SOURCE MATERIAL START
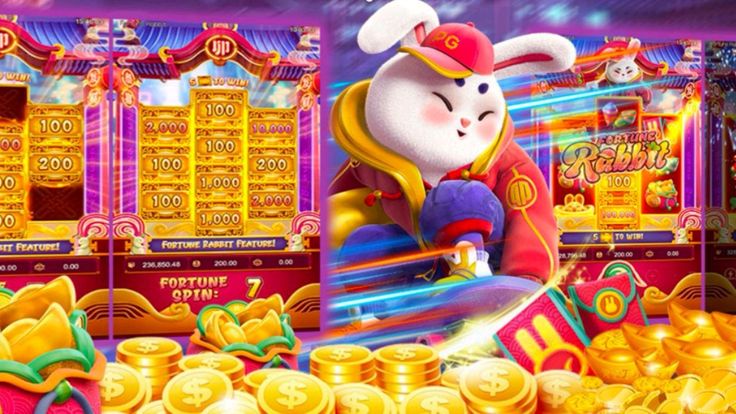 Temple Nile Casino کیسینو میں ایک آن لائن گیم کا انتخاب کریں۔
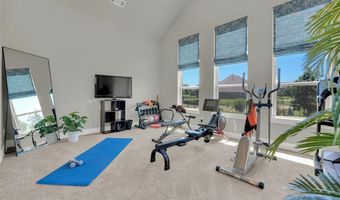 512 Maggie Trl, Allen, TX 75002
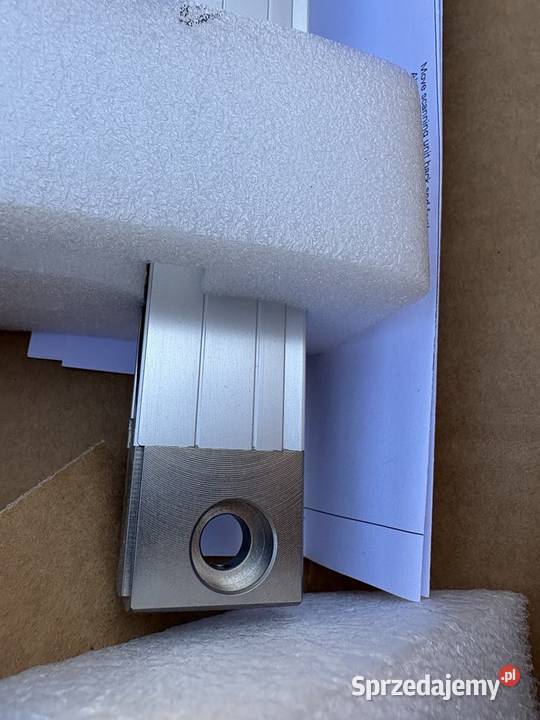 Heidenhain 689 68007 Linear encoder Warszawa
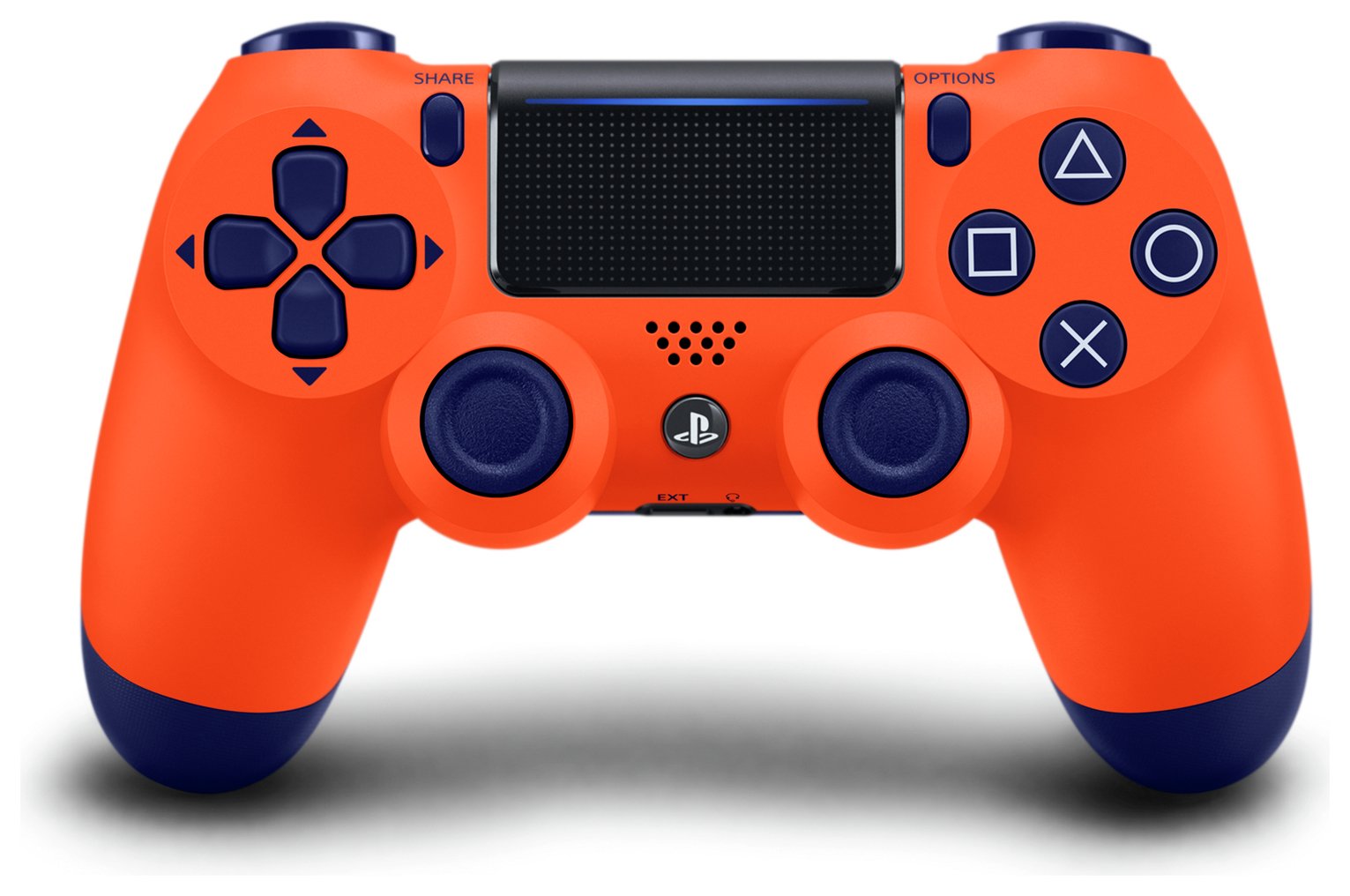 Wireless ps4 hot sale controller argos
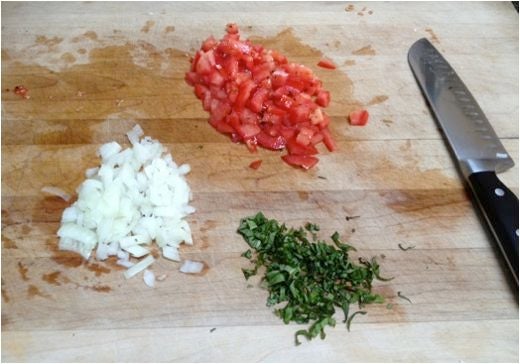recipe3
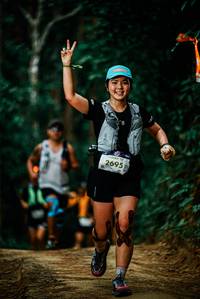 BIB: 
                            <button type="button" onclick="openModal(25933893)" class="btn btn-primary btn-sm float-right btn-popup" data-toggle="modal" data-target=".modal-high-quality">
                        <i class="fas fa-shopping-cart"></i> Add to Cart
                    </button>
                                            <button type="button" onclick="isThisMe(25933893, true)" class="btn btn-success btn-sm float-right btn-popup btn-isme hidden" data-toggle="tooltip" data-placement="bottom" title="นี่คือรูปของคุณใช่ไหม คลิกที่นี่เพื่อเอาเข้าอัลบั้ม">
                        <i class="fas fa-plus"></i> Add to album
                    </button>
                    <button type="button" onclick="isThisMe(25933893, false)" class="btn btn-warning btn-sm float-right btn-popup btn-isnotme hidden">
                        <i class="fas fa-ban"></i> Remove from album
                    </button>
SOURCE MATERIAL END
SOURCE MATERIAL START
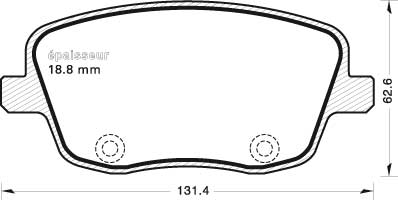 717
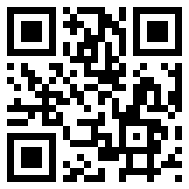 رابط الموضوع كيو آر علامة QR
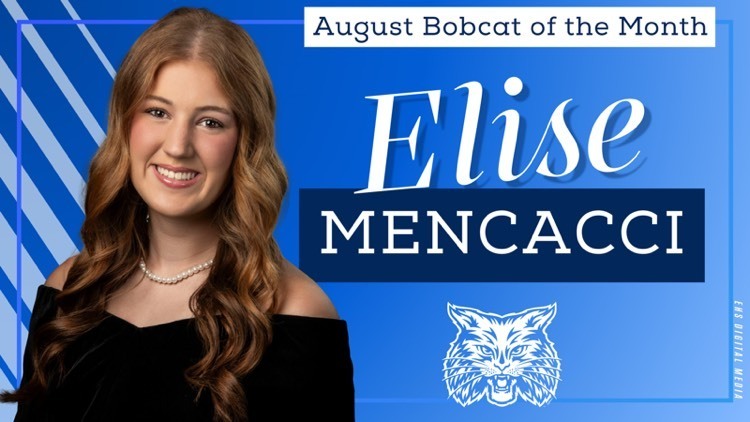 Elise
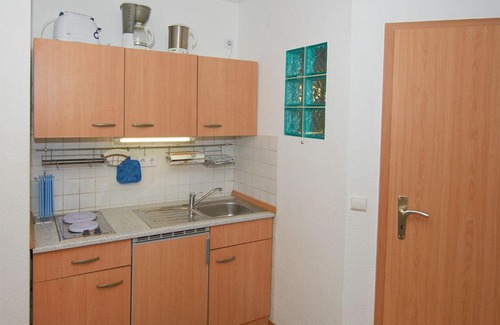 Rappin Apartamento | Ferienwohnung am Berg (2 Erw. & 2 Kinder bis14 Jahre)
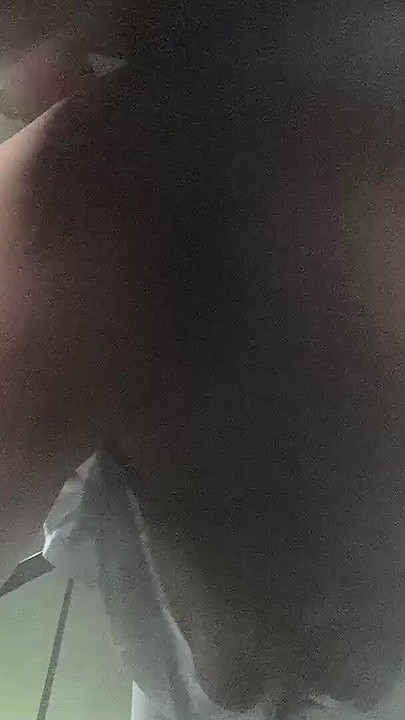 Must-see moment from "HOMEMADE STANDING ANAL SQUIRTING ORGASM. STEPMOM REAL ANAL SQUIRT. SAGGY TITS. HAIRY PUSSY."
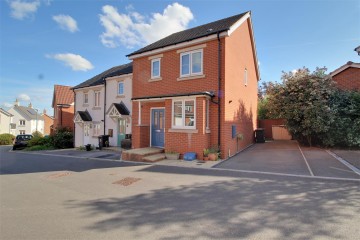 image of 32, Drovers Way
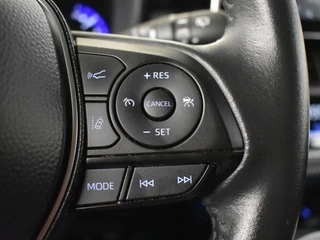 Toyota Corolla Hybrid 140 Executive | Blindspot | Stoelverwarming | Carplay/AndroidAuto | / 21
SOURCE MATERIAL END
- **EXERCISE**
Look above for the line with "رابط الموضوع كيو آر علامة QR"; quote it and every line after it, stopping after the line with "Toyota Corolla Hybrid", exactly, with nothing added and without pictures.

- **SOLUTION TO THE PROBLEM**
 رابط الموضوع كيو آر علامة QR
 Elise
 Rappin Apartamento | Ferienwohnung am Berg (2 Erw. & 2 Kinder bis14 Jahre)
 Must-see moment from "HOMEMADE STANDING ANAL SQUIRTING ORGASM. STEPMOM REAL ANAL SQUIRT. SAGGY TITS. HAIRY PUSSY."
 image of 32, Drovers Way
 Toyota Corolla Hybrid 140 Executive | Blindspot | Stoelverwarming | Carplay/AndroidAuto | / 21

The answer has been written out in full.